When G was just a few weeks old, I started imagining this blog post in my mind. I was going to take my new little baby on so many great adventures, and then I would blog to the world about how easy it is to get out with an infant, and how we weren’t letting the challenges of new parenthood keep us indoors!

A walk in the snow

But, it turns out, in Colorado, in the winter, it is rather difficult to get outside with a baby. This year, we were lucky to have a very dry, relatively warm, winter. But most of those warm days were super windy, and G was (and still is) not a happy camper when the wind is in his face. Plenty of other weekends were just too chilly to take a 10 pound newborn out for a hike. And then there were quite a few where I needed a long afternoon nap more than time outside.

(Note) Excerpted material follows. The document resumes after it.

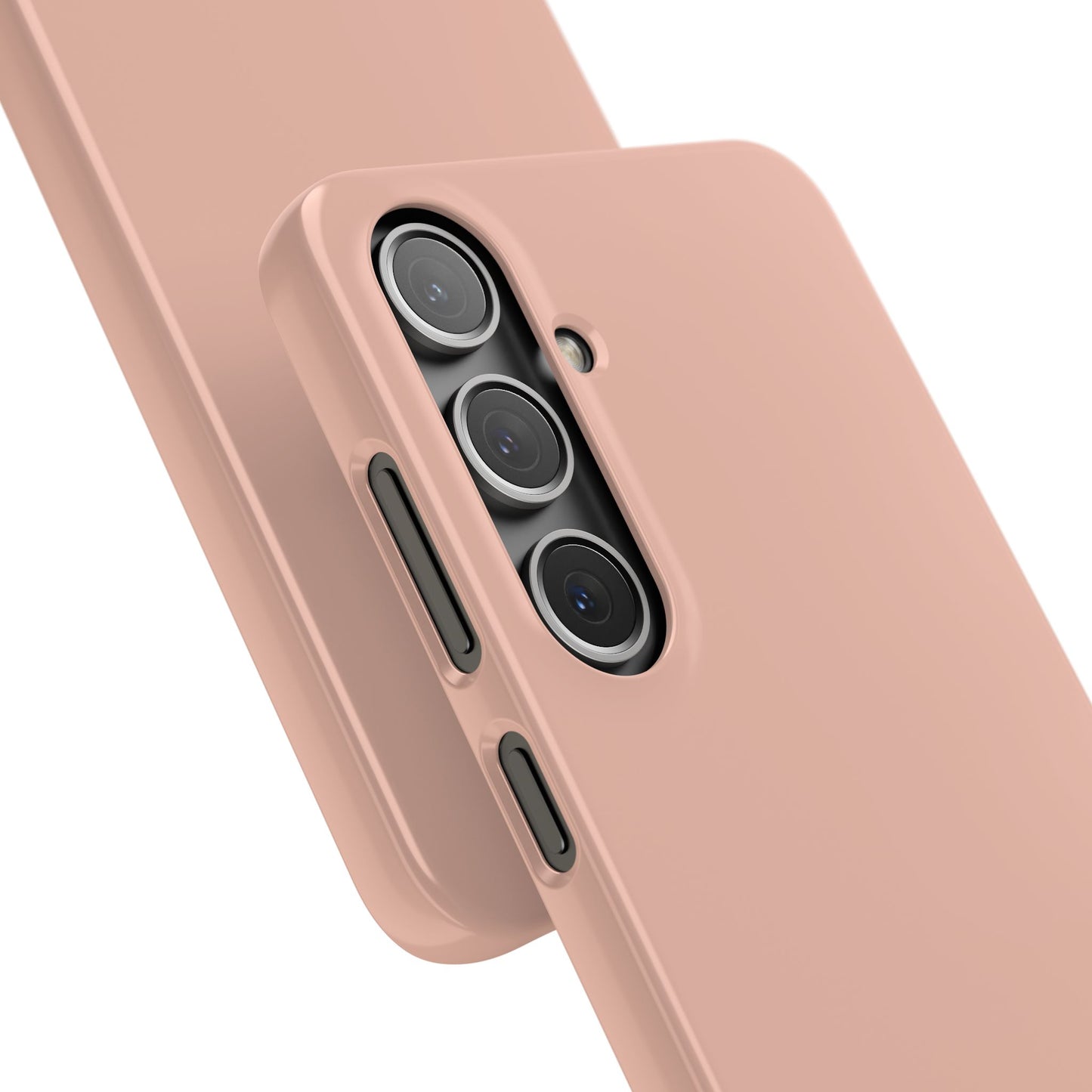 Slim Snap in Blush Muse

We did have a few nice adventures and learning experiences in the past six months. In fact, G had his first hike in the mountains at 8 weeks old!

G's first hike

Just after Christmas, we took G, Liv, Mark’s parents, and his brother, for the short hike to Horsetooth Falls. It was a lovely, warm winter day in the mountains, and G napped in the mei tai on Mark’s chest for the 2 mile round trip. We all went slow, as I was still recovering from the pregnancy and Mark couldn’t see his feet while walking (ha! Payback!).

Hiking Coyote Ridge 1

When G was about 4 months old, we bundled everybody up on a chilly March afternoon and went for a hike in the Coyote Ridge Natural Area. It felt wonderful to be outside as we walked along the wide trail winding up through the foothills. G slept in the carrier the whole time, again, but he did have very cold hands by the end of the trip.

Hiking Coyote Ridge 3

With future adventures in mind, we made the leap and invested in a camper trailer this spring. We found a great deal on the small, perfectly appointed Jay Feather Sport (165) camper, and had to buy.

The new camper

We think this set-up will work really well for us with the little one. The trailer has a double bed with a single bunk above it. It has a nice sized booth and table for inviting in friends, and all of the amenities we’d love to have while camping, especially a furnace for chilly nights with the kiddo.

Hanging out with G in the new camper!

We took it out for a spin on a rainy weekend in March, and as it was our first camping weekend with the trailer and baby, we stayed close to home. We just spent the night at a KOA in north Fort Collins, but had a really fun time.

Camping buddies!

Mark found the idea of camping in town pretty hilarious, but I felt like a kid putting up a tent in the back yard. You can still have a great time and a nice adventure, even if you don’t roam too far.

Camping buddies!

These days spring is around the corner, and G is sleeping much better at night. This provides Mark and I with the energy and ability to tackle the logistical issues of mountain adventures with the baby in tow. We have already had some great successes that leave us excited for what the future will bring!